== Assignment ==
Pictures are to be left out, but please repeat each record exactly.

━━━━━━━━━━━━━━━━━━━━━━━━━━━━━━

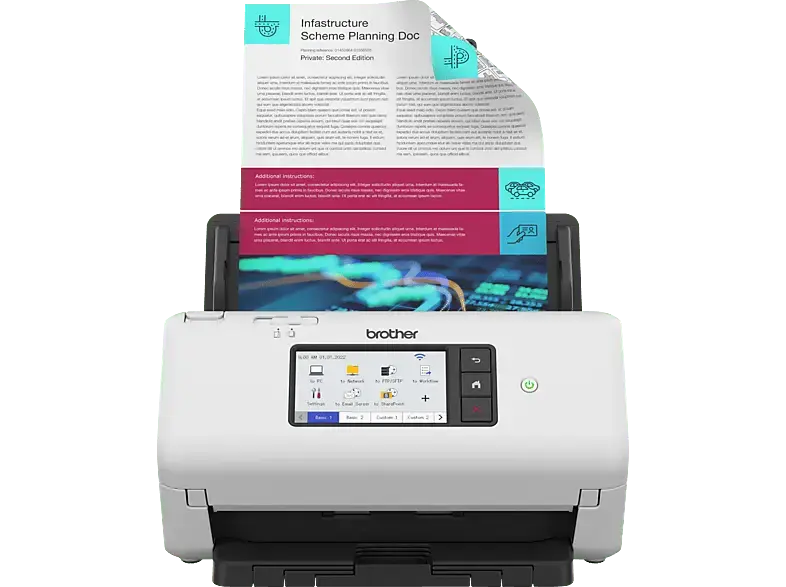 Brother ADS-4700W - Professioneller Duplex-Scanner for Business, A4, 40 S./Min Scannen, Dual CIS, WLAN/Ethernet, Wei&szlig; Scanner, WLAN, Wei&szlig;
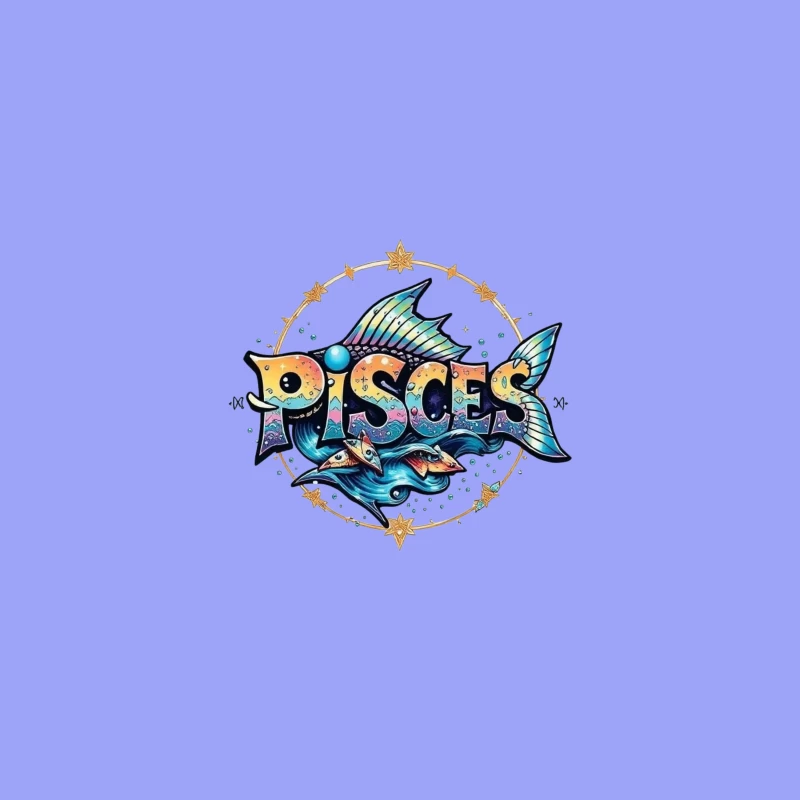 Colorful Pisces Zodiac Illustration Travel Mug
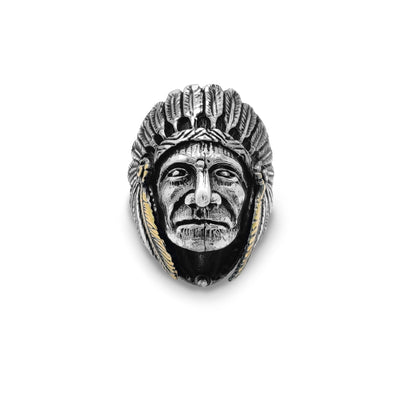 Antique-Finish Indian Head Chief Ring (Silver)  Lucky Diamond New York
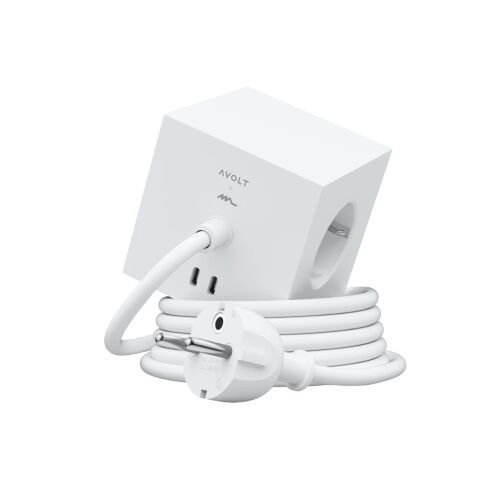 Kocka alakú hosszabbító kábel, AVOLT x Martinelli Luce, Square 1, 3 aljzat, 2xUSB-C, 1,8 méter, fehér 145157772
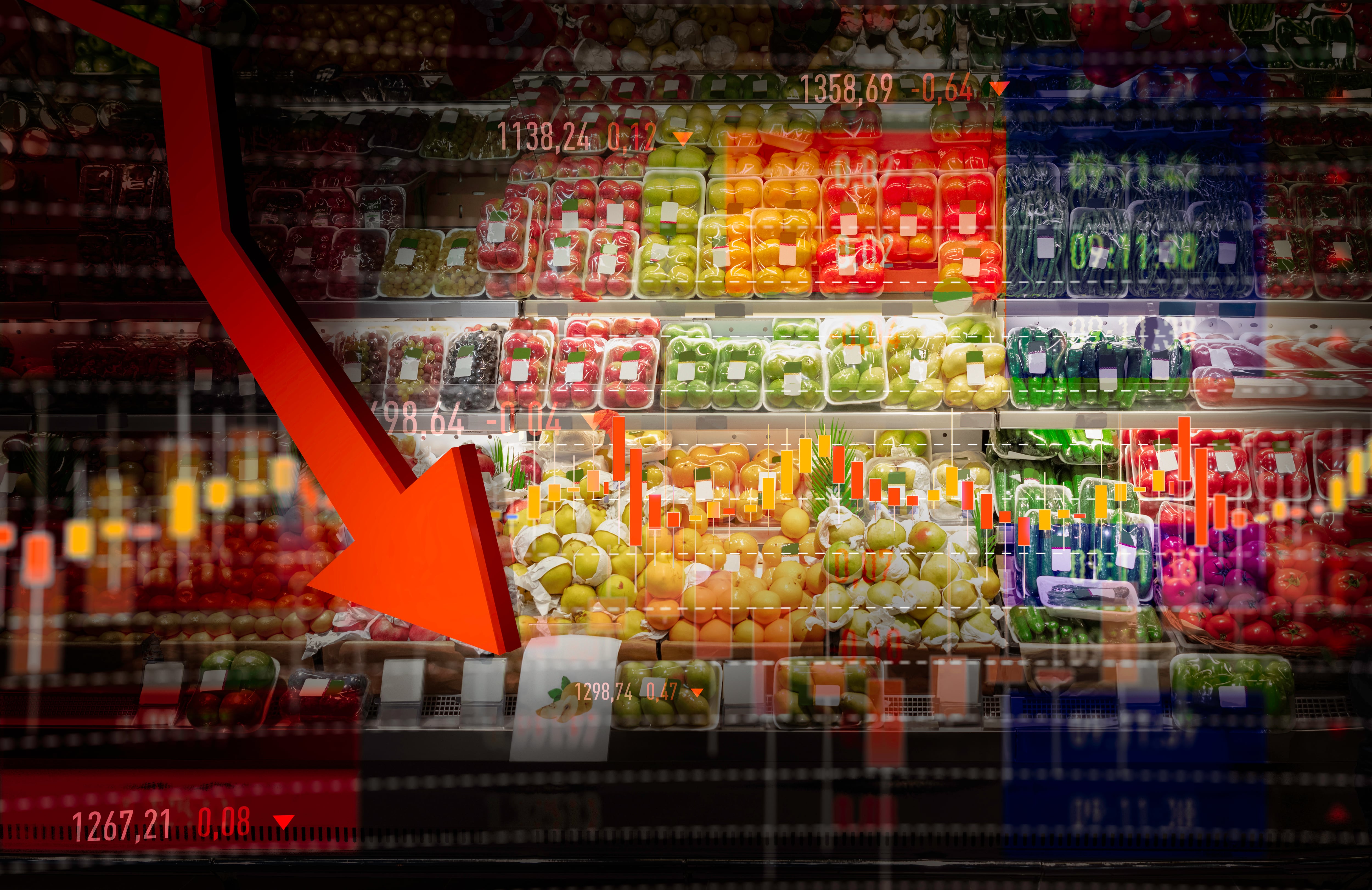 Vegetable, Fruit, Stock Market Data, Moving Down, Loss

━━━━━━━━━━━━━━━━━━━━━━━━━━━━━━

== Task response ==
 Brother ADS-4700W - Professioneller Duplex-Scanner for Business, A4, 40 S./Min Scannen, Dual CIS, WLAN/Ethernet, Wei&szlig; Scanner, WLAN, Wei&szlig;
 Colorful Pisces Zodiac Illustration Travel Mug
 Antique-Finish Indian Head Chief Ring (Silver)  Lucky Diamond New York
 Kocka alakú hosszabbító kábel, AVOLT x Martinelli Luce, Square 1, 3 aljzat, 2xUSB-C, 1,8 méter, fehér 145157772
 Vegetable, Fruit, Stock Market Data, Moving Down, Loss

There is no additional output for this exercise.